Wednesday 13 September 2017

Review Boudica (PREVIEW)


Boudica
by Tristran Bernays

No Man's Land
http://www.shakespearesglobe.com/

Many of us (ok, TLT and her own metallic chariot) had previously only the vaguest impression of a Celtic  warrior queen Boudica with flowing locks taking on allcomers and emerging victorious.

The life of Boudica, whose image has varied according to the world picture of those who wrote about her, had a more tragic trajectory than we realised and is now the subject of a vigorous new verse play by Tristan Bernays filling the Shakespeare's Globe stage.

It's certainly an apt and clever choice, for it feels like a Shakespearean story, a proud Queen uniting the British tribes against the might of the Roman Empire.

However, it also feels appropriate to wonder if Shakespeare's pen would have chided her for hubris and unfeminine behaviour in more certain terms than the imperial Victorian image of the queen of Iceni tribe handed down more recently.

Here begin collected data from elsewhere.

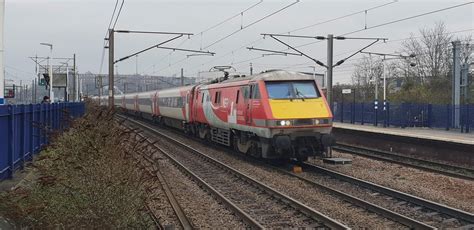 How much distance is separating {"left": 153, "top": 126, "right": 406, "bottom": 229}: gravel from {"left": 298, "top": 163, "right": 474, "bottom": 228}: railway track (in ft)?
2.39

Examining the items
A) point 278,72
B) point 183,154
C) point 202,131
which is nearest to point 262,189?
point 278,72

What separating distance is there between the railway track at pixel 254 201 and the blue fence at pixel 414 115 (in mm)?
21463

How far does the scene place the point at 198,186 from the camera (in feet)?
42.4

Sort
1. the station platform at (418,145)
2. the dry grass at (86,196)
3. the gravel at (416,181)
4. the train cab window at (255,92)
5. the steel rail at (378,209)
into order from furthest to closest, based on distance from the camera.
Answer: the station platform at (418,145), the train cab window at (255,92), the gravel at (416,181), the steel rail at (378,209), the dry grass at (86,196)

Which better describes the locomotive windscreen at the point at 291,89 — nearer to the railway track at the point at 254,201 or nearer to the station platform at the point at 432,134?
the railway track at the point at 254,201

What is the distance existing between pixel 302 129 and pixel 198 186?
3650 mm

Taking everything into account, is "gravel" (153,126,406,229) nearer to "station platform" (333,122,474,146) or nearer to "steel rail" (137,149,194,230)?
"steel rail" (137,149,194,230)

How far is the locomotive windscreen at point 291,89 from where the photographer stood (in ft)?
50.2

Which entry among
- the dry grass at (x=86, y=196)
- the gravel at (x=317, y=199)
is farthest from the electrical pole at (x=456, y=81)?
the dry grass at (x=86, y=196)

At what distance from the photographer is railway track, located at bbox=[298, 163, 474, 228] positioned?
344 inches

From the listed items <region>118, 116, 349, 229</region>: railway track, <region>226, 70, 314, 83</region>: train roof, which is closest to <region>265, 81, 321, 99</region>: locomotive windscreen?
<region>226, 70, 314, 83</region>: train roof

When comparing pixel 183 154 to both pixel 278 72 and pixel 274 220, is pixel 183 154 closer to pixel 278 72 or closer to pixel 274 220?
pixel 278 72

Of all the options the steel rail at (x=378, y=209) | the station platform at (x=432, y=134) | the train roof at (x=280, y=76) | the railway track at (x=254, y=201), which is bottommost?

The Queen is a historical figure wrapped in a myth and probably an appropriate heroine for our double edged Brexit age. In the present version, it's woman power but also with a certain amount of questioning and a non pejorative modern slant.

But of course before Brexit there was Game Of Thrones and various swashbuckling mythological and historical TV serials in a Hollywood genre which has enjoyed a revival of popularity in recent times.

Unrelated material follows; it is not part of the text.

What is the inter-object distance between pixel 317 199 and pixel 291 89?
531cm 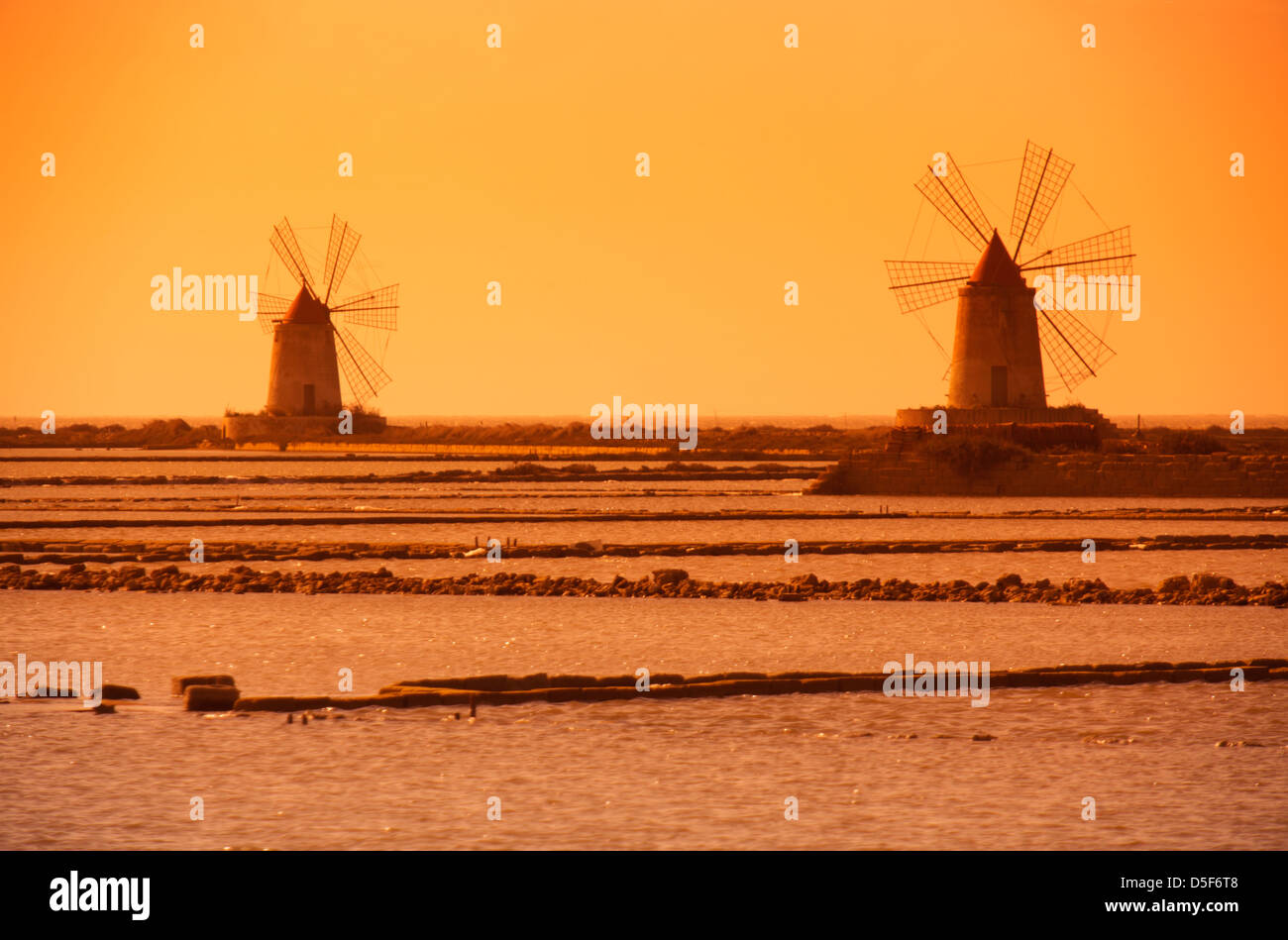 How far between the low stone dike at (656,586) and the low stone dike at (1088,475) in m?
16.7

Directed by Eleanor Rhode, Boudica's life  makes for an epic re-telling, often in verse, with plenty of energy. If it is a tad unsubtle in its television-like structure and modern mash up, it still demands to be taken on its own terms as a tale of adventure and betrayal.

The writer himself says in the programme he wants to make a blockbuster action film onstage with battling women at its centre. And just as much as colonialization, it is a dramatic discussion of war including a hint of Cold War as defeat closes in.

Again it may not always be subtle, baldly questioning when defence becomes attack in a debate over the nature of conflict in post Second World War terms. But reiteration in the baldest terms suits the energetic style and there's a pleasing working of the audience as the British tribes rally.

Preceded by a drumming soundscape and  narrator (Anna-Maria Nabirye) dressed in the uniform of African rebels and child soldiers, the martial widowed Boudica (Gina McKee) and her two daughters, clad in robes with weapons at their side, make their regal entrances.

They have arrived to claim their share of the kingdom of the Iceni. Their husband and father had enjoyed favours including loans,  as a client king, from the Roman conquerors.

However expediently for the colonizers including the fey procurator Caius Deciamus (Samuel Collings) in a knatty brocade coat, suited and booted in cuban heels, Roman law only recognizes primogeniture and there's not a male heir in sight. 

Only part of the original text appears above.